Exercise description:
Please repeat the lines below, exactly and only, from the one that holds "Used 2013 Chevrolet" through the one that holds "Usado VW Golf".

Input data:
*** Block opens ***
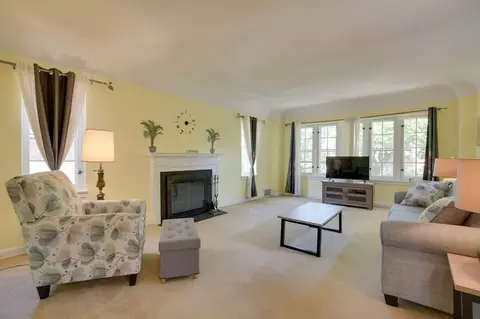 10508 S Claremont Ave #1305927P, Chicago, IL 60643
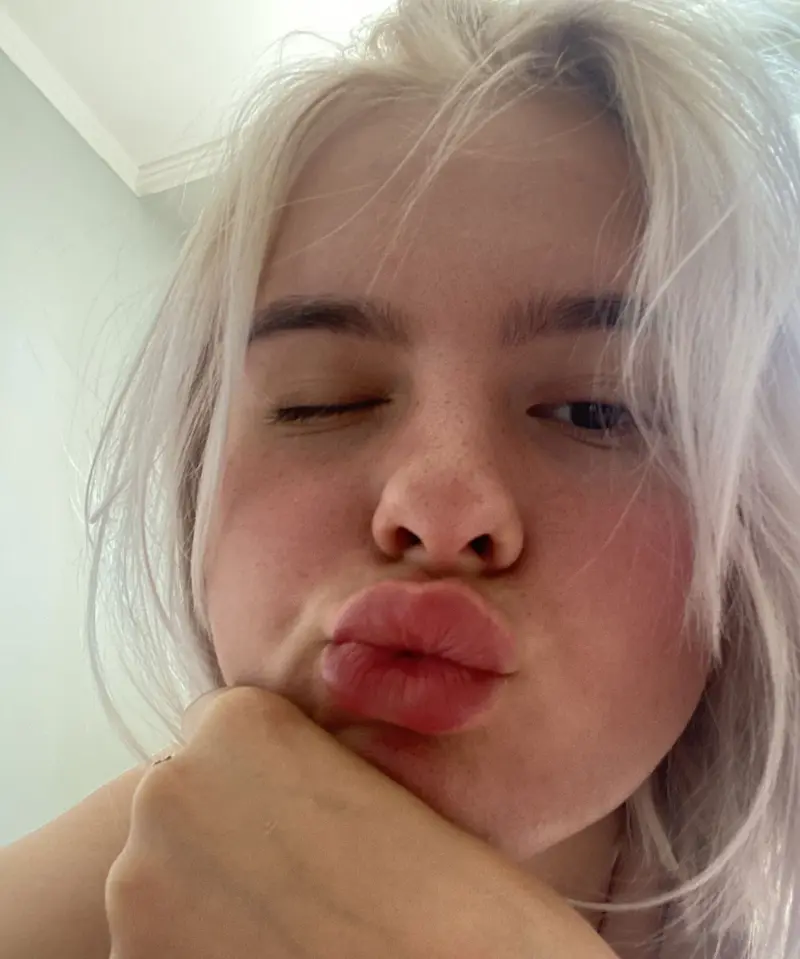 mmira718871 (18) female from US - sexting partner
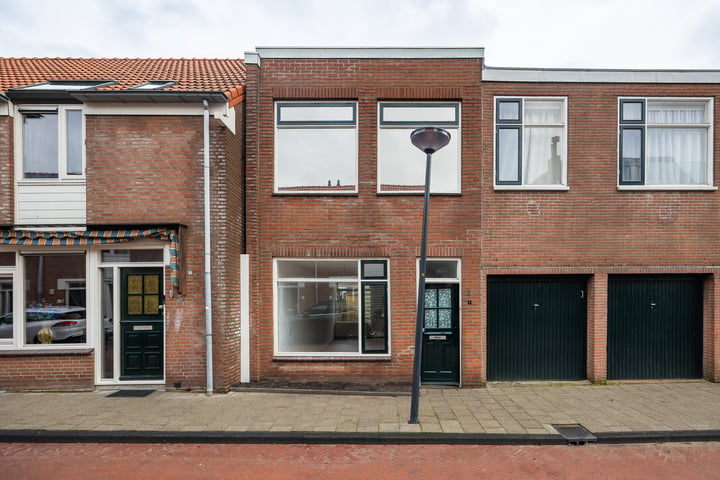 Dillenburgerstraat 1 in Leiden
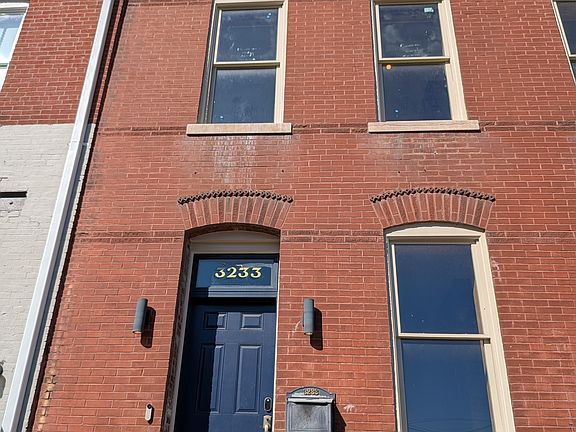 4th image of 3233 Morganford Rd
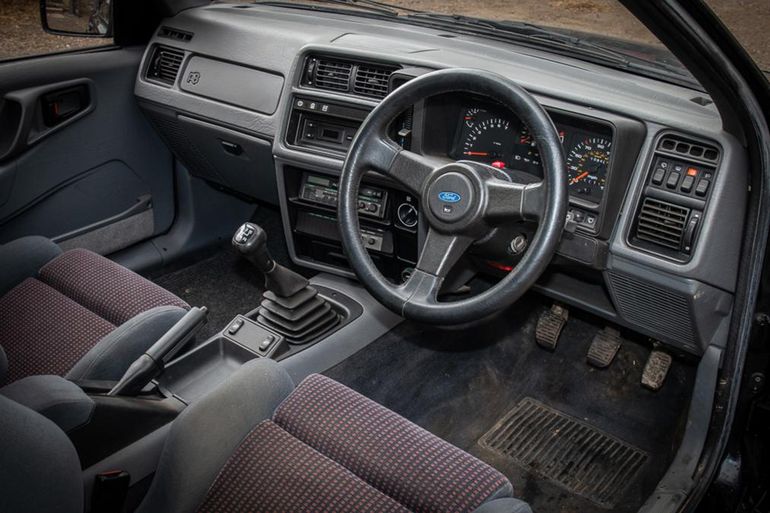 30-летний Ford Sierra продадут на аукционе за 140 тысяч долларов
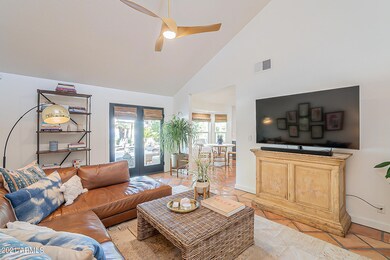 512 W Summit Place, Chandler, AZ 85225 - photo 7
*** Block closes ***
*** Block opens ***
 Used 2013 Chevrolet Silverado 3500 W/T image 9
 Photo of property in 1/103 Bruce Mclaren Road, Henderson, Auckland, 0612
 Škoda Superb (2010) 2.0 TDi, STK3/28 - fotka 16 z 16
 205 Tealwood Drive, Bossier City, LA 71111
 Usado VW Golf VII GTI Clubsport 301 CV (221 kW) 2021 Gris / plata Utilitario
*** Block closes ***
*** Block opens ***
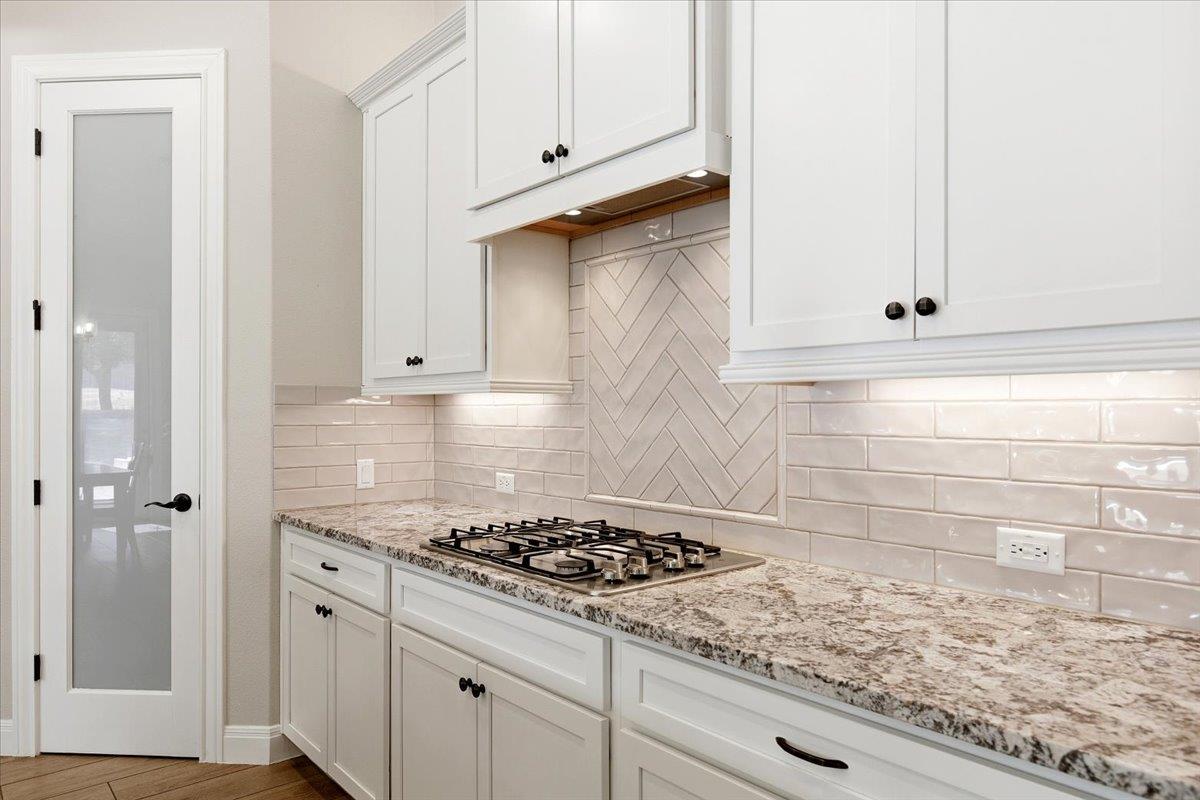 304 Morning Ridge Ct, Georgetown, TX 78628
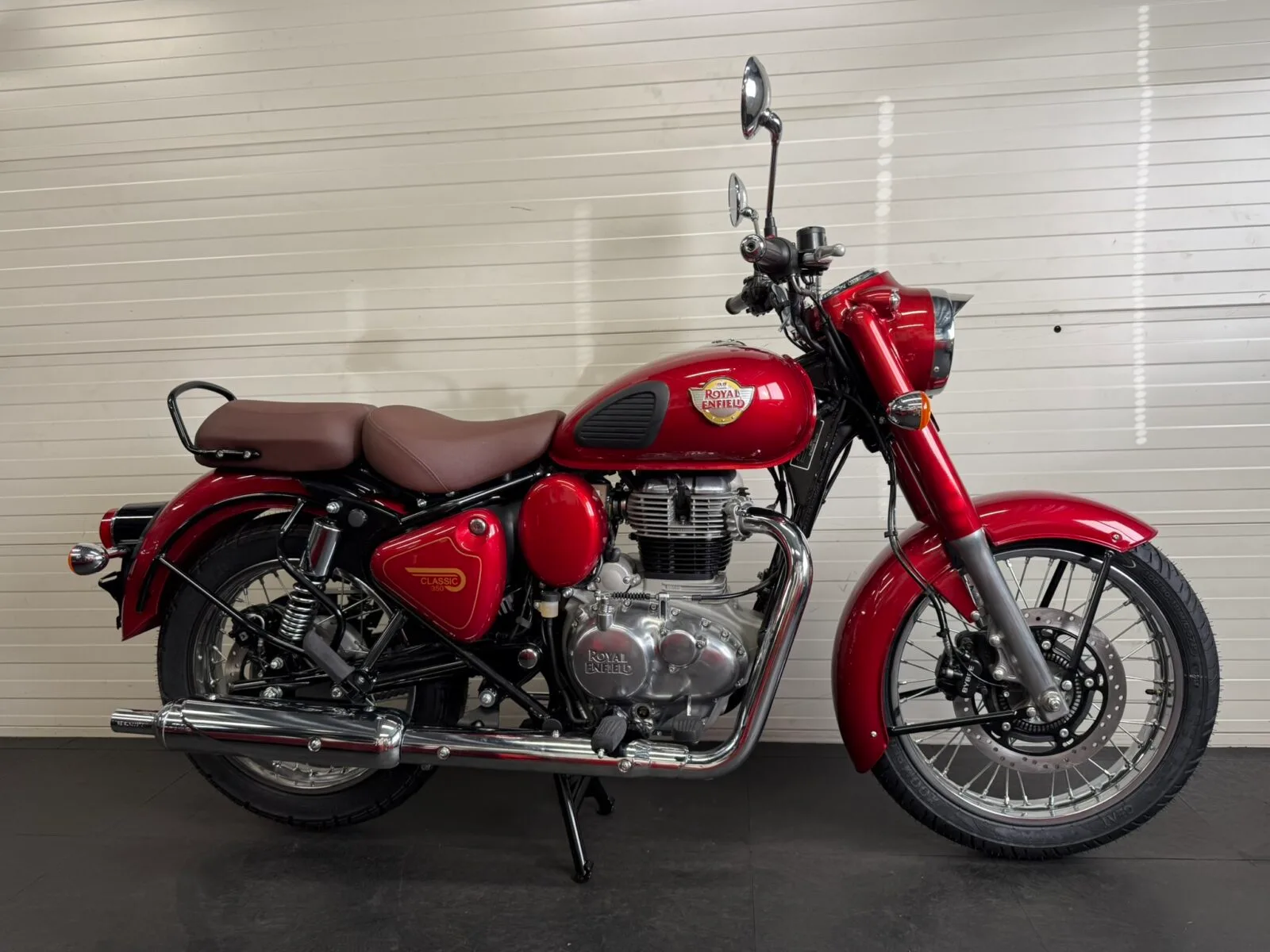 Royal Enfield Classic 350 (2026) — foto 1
*** Block closes ***
Task answer:
 Used 2013 Chevrolet Silverado 3500 W/T image 9
 Photo of property in 1/103 Bruce Mclaren Road, Henderson, Auckland, 0612
 Škoda Superb (2010) 2.0 TDi, STK3/28 - fotka 16 z 16
 205 Tealwood Drive, Bossier City, LA 71111
 Usado VW Golf VII GTI Clubsport 301 CV (221 kW) 2021 Gris / plata Utilitario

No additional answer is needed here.